When my friend arrived and we decided to go to the 52nd floor bar, I was again stropped at by the security guard saying “didn’t you hear me say you had to talk to the lady in red about tables in the bar”. No I didn’t, I was too busy trying not to pee my pants! 
On hearing that the minimum spend was £30 (a single drink costs £19.50) and you could only stay for 1.5 hours we decided to decline. Yes the views would be incredible but you wouldn’t be able to sit outside. Us Brits are so deprived of sunshine and warmth you’ve got to make the most of them.
We headed back to the cafe – LÁNG – situated in the foyer of the hotel. They’d sympathetically laid a fake grass lawn, TV for the Olympics and comfortable garden furniture to turn their outside sun trap next to the escalators leading to London Bridge station and the underground into an exclusive zone. It still doesn’t stop homeless people begging or detract from the noise of London but it is it’s very own little oasis. You’re tucked away enough to leave your worries behind.
With a relaxed table service (ie slow as the architects hadn’t put a door in between the cafe and the sun trap so the bar staff have to go in and out of the revolving doors of the hotel) our drinks were supped – G&Ts (minus the slimline as they’d run out) and Bacardi and lemonades – both Fever Tree mixers. 
It’s a great place for people watching. Was that a hooker in her skimpy nightie peeking through her pale blue overcoat? Was she high class?
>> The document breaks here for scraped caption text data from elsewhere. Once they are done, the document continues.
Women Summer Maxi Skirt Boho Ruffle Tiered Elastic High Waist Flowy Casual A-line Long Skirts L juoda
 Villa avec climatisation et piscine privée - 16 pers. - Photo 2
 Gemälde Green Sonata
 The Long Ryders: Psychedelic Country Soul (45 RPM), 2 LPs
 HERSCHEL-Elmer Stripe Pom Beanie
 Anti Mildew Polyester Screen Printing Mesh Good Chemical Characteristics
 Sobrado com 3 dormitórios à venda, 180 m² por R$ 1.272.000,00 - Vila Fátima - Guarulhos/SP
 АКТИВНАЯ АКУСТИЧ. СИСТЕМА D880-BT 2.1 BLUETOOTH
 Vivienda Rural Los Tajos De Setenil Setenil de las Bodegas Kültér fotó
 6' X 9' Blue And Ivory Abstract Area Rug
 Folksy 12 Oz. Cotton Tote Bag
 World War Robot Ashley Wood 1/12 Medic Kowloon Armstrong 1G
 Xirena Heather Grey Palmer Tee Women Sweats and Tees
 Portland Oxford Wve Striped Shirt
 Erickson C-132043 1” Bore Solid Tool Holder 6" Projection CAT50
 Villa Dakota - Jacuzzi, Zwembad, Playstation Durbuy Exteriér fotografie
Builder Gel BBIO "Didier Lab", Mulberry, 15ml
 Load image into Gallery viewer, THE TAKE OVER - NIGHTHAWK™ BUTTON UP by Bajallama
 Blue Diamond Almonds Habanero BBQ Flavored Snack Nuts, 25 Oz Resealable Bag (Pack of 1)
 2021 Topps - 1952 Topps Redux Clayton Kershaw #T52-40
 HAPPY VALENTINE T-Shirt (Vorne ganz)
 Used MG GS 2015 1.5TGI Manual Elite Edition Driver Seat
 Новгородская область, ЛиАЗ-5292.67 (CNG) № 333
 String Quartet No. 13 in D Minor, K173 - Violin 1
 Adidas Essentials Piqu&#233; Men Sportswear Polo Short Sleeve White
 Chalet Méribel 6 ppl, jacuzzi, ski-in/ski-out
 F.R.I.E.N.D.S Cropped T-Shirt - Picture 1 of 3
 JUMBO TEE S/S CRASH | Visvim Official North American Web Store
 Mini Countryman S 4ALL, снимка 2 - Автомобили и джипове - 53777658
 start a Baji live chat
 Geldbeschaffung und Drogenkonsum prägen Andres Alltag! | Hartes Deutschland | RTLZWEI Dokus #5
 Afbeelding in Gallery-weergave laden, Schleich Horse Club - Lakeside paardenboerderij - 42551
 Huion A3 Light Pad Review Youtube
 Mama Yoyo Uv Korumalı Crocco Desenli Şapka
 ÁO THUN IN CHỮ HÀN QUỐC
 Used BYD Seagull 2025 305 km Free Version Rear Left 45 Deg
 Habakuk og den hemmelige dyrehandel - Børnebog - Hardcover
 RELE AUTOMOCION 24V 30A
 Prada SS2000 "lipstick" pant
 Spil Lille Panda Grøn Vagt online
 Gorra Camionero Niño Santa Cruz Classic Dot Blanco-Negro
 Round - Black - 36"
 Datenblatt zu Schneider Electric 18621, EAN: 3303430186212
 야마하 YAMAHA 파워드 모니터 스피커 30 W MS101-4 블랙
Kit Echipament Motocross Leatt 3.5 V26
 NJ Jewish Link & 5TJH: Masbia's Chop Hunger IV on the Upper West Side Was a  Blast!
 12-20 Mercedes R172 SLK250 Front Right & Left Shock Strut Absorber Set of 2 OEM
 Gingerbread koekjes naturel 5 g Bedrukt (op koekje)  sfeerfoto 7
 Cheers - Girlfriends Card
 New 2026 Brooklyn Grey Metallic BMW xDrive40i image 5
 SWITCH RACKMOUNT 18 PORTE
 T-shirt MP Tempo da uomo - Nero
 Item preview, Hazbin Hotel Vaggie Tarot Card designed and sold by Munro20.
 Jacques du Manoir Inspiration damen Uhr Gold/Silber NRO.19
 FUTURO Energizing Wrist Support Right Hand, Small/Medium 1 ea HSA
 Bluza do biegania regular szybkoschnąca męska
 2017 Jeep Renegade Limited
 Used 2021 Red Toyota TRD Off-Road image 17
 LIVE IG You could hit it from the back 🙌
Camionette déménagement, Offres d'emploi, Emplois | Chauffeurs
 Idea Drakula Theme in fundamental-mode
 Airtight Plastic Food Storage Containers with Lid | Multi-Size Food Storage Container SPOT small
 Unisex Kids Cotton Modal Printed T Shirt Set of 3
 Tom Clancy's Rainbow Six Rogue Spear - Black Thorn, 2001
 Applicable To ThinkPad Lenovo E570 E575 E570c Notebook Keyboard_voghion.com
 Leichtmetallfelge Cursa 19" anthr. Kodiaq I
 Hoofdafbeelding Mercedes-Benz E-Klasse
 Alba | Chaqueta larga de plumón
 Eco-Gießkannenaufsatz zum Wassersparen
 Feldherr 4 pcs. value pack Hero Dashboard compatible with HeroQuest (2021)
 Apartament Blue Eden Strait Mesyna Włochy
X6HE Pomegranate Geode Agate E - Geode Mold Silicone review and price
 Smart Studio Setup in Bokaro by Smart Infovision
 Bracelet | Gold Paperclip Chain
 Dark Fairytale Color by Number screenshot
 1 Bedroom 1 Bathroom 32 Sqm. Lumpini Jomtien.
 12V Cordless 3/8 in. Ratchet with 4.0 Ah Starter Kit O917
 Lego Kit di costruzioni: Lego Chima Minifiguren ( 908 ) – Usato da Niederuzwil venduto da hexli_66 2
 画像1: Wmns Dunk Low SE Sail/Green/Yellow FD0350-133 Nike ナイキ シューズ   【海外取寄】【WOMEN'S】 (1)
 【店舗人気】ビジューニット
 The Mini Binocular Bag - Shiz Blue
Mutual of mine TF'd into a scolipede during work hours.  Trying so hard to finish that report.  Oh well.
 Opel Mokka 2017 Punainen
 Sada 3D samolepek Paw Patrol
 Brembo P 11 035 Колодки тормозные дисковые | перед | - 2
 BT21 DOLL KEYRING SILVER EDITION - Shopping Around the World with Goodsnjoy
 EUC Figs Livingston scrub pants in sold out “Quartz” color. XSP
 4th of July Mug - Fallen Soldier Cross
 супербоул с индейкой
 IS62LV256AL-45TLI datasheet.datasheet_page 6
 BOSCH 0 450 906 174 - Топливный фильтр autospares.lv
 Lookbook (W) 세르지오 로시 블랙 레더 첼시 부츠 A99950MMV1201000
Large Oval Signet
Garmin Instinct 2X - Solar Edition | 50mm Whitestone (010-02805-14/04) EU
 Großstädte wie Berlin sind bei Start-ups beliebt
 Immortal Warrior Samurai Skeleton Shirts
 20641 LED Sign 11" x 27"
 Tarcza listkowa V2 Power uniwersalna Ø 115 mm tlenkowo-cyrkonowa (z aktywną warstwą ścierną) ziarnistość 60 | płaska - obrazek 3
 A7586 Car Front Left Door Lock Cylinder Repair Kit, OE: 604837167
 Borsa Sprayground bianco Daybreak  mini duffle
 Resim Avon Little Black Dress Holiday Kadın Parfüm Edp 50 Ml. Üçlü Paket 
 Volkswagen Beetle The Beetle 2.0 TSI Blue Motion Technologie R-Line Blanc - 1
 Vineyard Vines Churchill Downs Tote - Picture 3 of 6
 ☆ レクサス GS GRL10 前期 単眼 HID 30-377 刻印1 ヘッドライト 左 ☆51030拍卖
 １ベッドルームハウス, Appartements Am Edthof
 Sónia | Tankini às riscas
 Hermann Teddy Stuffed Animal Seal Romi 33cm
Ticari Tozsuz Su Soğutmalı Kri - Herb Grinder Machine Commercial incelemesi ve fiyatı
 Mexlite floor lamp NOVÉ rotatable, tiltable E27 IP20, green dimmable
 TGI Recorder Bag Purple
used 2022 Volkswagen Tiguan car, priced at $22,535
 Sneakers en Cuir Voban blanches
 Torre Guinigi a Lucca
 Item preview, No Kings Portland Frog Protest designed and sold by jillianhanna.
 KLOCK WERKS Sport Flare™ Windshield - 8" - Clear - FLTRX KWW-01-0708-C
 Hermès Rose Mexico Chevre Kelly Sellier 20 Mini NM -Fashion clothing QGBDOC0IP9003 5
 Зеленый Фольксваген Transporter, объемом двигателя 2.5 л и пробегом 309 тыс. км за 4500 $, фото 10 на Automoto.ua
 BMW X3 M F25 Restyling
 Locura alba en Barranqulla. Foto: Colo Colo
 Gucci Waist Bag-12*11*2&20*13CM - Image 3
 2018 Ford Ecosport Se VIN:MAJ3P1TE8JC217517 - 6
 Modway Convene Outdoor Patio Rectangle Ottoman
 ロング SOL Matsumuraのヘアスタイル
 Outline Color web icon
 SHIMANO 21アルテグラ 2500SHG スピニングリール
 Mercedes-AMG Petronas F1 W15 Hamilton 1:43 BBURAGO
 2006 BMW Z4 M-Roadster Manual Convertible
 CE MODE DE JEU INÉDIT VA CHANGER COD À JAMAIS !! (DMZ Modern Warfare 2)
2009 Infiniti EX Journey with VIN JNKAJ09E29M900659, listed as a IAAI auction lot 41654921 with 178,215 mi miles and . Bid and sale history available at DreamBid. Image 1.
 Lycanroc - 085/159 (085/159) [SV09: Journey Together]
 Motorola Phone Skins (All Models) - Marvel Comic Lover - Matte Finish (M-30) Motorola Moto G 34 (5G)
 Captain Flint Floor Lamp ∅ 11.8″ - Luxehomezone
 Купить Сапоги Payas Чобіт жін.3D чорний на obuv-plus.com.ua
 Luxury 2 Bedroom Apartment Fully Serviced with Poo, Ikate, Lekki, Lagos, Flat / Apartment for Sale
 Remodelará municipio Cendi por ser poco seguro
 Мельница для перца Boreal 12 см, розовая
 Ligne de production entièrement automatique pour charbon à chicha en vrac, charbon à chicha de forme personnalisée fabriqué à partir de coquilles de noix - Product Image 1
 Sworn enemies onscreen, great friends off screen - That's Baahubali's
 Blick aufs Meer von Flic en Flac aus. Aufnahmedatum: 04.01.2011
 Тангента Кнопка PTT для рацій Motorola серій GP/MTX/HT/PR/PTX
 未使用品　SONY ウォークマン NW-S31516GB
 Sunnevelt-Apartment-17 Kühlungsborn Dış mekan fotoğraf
Look at her shoes not matching the coiffured hair.  And the dirty feet! Who was she waiting for? She ordered a glass of champs – could she afford it?  We’d never know as she took herself off somewhere, glass half finished. 
There were office workers catching up, looking their best except for the padding of one of their bras falling out; yummy mummies drinkin Pimms; young couples canoodling and ladies happy enough to feel the sun on their faces drinking champs on their own while they got much needed time alone.
£31.50 each not including tip for three doubles each and 2.5 hours later it was time to go home.
I’d go again but to the 52nd floor. After pay day of course.